Pour "Arctique", il est question de réchauffement climatique, d'un territoire livré aux appétits financiers, de corruption... Et de vengeance aussi, car il s'agit d'un véritable thriller - l'action se passe sur un bateau à la dérive dans les eaux nordiques, tanguant entre "Shining" et David Lynch avec des scènes franchement burlesques en bonus.
 

La puissance de la fiction c'est de transcender le réel et aujourd'hui, on a une grande nécessité de pouvoir trouver des clés pour décoller du réel.

Anne-Cécile Vandalem, auteure et metteure en scène.

La dramaturge n'a pas renoncé aux plaisirs de la fiction et des histoires captivantes. "C'est dans le réel que je vais puiser mes sujets mais la puissance de la fiction c'est de le transcender et aujourd'hui , on a une grande nécessité de pouvoir trouver des clés pour décoller du réel. C'est d’être collé comme ça qui nous empêche de trouver une voie de côté, d'autres possibles que celui qu'on nous impose. Je cite Mona Chollet qui parle de "tyrannie de la réalité" et c'est vrai, il y une tyrannie de la réalité. Aujourd'hui , on doit trouver des clés. S'il y a une dimension politique de la fiction, c'est bien celle-là. La fiction, elle est utilisée à très mauvais escient dans les fake news ou dans la manière dont le politique s'en saisit pour re-raconter des situations, ils savent très bien le faire. Pour moi, il y a nécessité de résister à ça en créant mes propres versions."

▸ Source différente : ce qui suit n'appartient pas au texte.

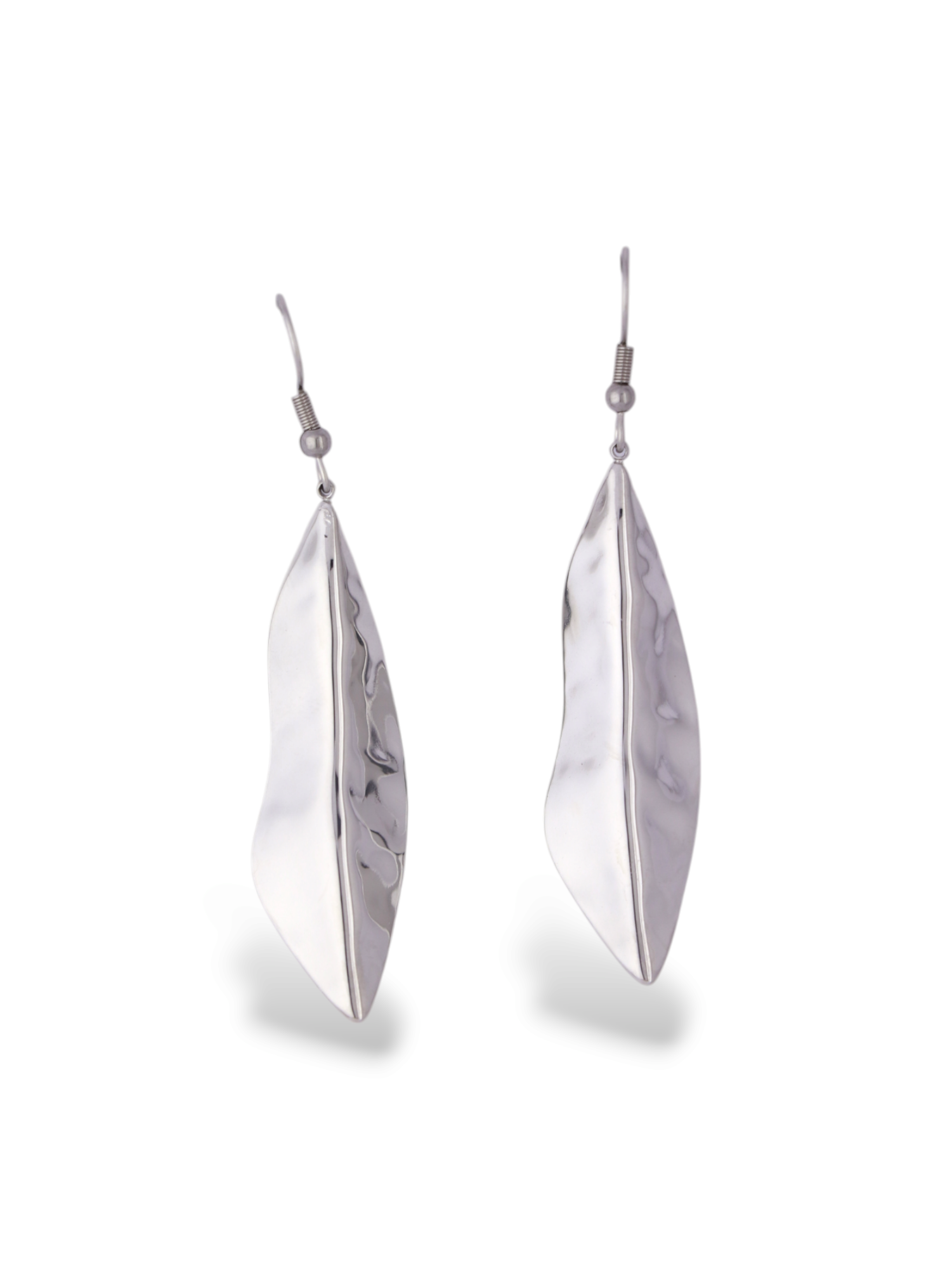 Aloy Petal Silver Drop Earrings with Soft Flow Design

Installée aujourd'hui à Bruxelles, Anne-Cécile Vandalem ne fait pas dans l'optimisme béat. Sans prévenir, elle vous assène "je suis née avec l'Europe et je vais la voir s'éteindre. En tout cas, j'ai beaucoup de doute sur son avenir". Ses spectateurs qui ont pu apprécier l'acuité de ses pièces la prendront au sérieux. Mais c'est aussi une combattante qui a trouvé son arme : le spectacle vivant. Elle avoue ne pas pouvoir manifester ou militer dans un parti, mais dans son domaine, l'auteure n'est pas prête à baisser pavillon.

"Tristesse" continue à tourner en Europe. "Arctique" est en tournée en France et en Belgique en 2018-2019.